Thursday, May 27, 2010
Pearl Moon of Loss and Remembrance
This is a dedication essay from the Full Moon book the members of my quartet are writing. We have decided to dedicate it to our mothers, and here's my offering:
The full moon coming in the last week of May 2010 finds me struggling with a whole new set of emotions as I go through my mother’s house after her death to finish writing the last chapter of her life for her.
Ten years ago, already a widow for a decade, she sold the house where my brothers and I grew up, built a brand new one and then decorated with all new furniture. I have no emotional connection to the house or any of its furnishings, so the thought of selling it to someone new is not difficult. Neither is going through all her clothes, many of them only worn a few times, or the dozens of pairs of shoes or the mounds of costume jewelry or the new dishes and pots and pans. All of that is just the flotsam and jetsam of a woman who was fortunate enough to be comfortable in her retirement years.

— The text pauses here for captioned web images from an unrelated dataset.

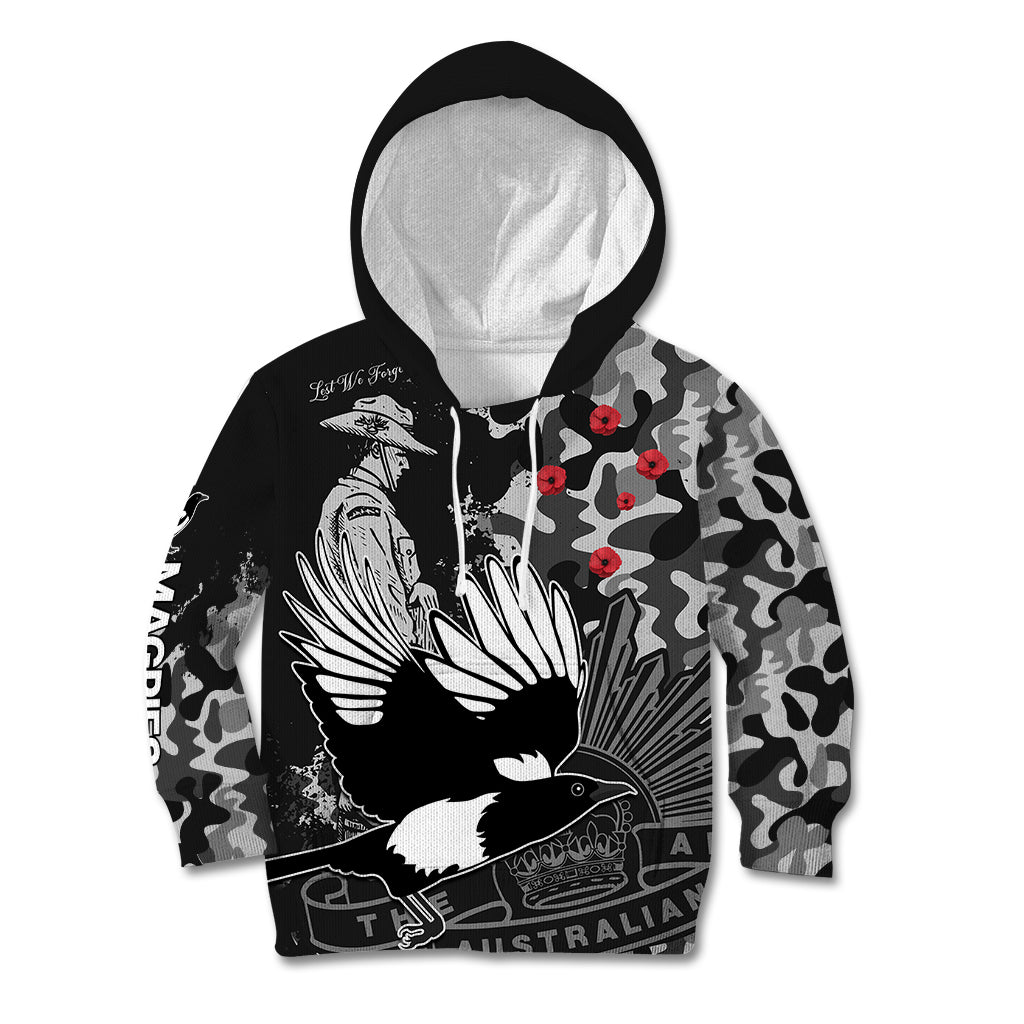 afl-anzac-2023-magpies-kid-hoodie-camouflage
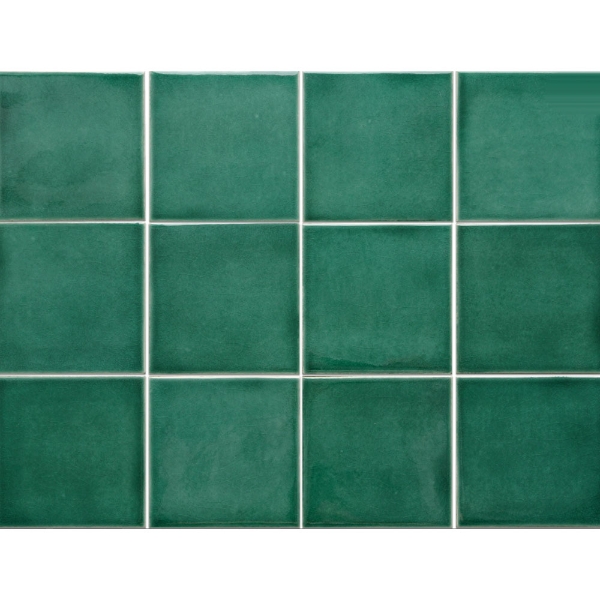 Picture of Emser Tile - Kaze Green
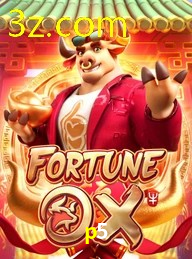 P5.COM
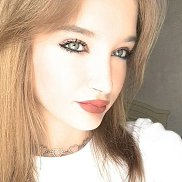 ���, 18 ���, ������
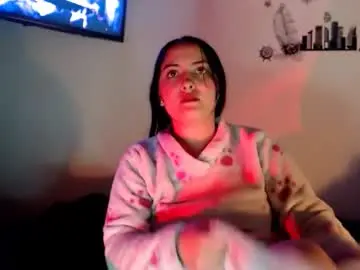 Chaturbate Best live sex cam show of misnicol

It is the other things that I come upon that cause me to stop in my tracks and wait for the wave of grief I know will come. The notes written by my children and carefully tucked in unexpected places; the recipe cards written in her hand and stained from years of use; the one carnival ware dish from her grandmother, miraculously kept safe from the growing pains of her five children.
In her jewelry case I found her wedding bands from fifty years ago, worn so thin that they were replaced with a new ring long ago. These original bands, bought by desperately poor 18 year-olds, were carefully preserved in their original case, the socket where the tiny diamond sat empty, pulled to put into an arrangement in the new ring. Only a few months ago my mother pointed that diamond out to me – still proud of its clarity and shine. Now, I posses both sets of rings. I put them together and they fairly throb with the ghostly remnants of their hope for the future.
Shortly after my parents were married, my mother gave birth to a daughter, She was born with a severe birth defect and only lived to be 12 days old. In the old cedar hope chest in the storage room of my mother’s house, I find a scrap book where notes and cards from a happy baby shower are pasted, followed by the death notices and sympathy cards and a ribbon from a funeral flower arrangement with the name “Theresa Ann” on it. She never spoke of these events unless I asked her about it, but there in the chest, next to the little white garment that was my christening dress three years after that first baby, was this scrapbook – now entrusted to me to keep.
When my father died I was already a grown woman with a family of my own. My parents lived in a split level which had two short sets of stairs, one going to the lower level and one going up to the bedroom level. Because the upper set was not set into the ground, they squeaked when anyone walked on them. When you lived in that house, you got to know who was coming down the stairs by the sound of the squeak. The day of my father’s funeral my mother and I were sitting at the kitchen table in the center level of the house. We could not see the steps from where we were sitting, but I heard someone coming down them, and that someone was my father. Of course, it was only a split second before I realized that he couldn’t be the one, but when no one came into view I couldn’t help feeling a little unnerved.
Later, I interpreted that as a sign from him that he was gone, but still near. After my mother died on May 1 this month I watched carefully for a similar sign from her and was disappointed when none seemed to be coming.
One hot day this week, 23 days after my mother passed, my daughter and I were working at the house beginning the clear out. Sloan was in the bedroom trying to sort through the mounds of jewelry my mother collected. She wasn’t one to buy or wear expensive pieces, but she loved costume jewelry and sorting it into some reasonable form for the sale was a challenge. When I sat down in the bedroom chair feeling weary and over-whelmed, Sloan handed me a flat, velvet presentation case and told me I might be interested in what was inside.
It was a pearl necklace.
All my life I have loved pearls. My husband has given me pearl earrings and a bracelet and this year for our thirtieth wedding anniversary, which is the pearl anniversary, he gave me a ring. But we could never afford to buy a pearl necklace, which I have coveted since I was a teenager. And here, in just an ordinary moment of an ordinary day, was the pearl necklace I’ve always wanted but never thought I would have. A necklace I never remember my mother receiving or wearing.
I took it out of the box and fastened it around my neck. The pearls felt heavy and cool against my skin. The perfect round orbs glowing like the full moon itself and I felt a sense of peace ease around my heart.
And that was my sign that mom is near.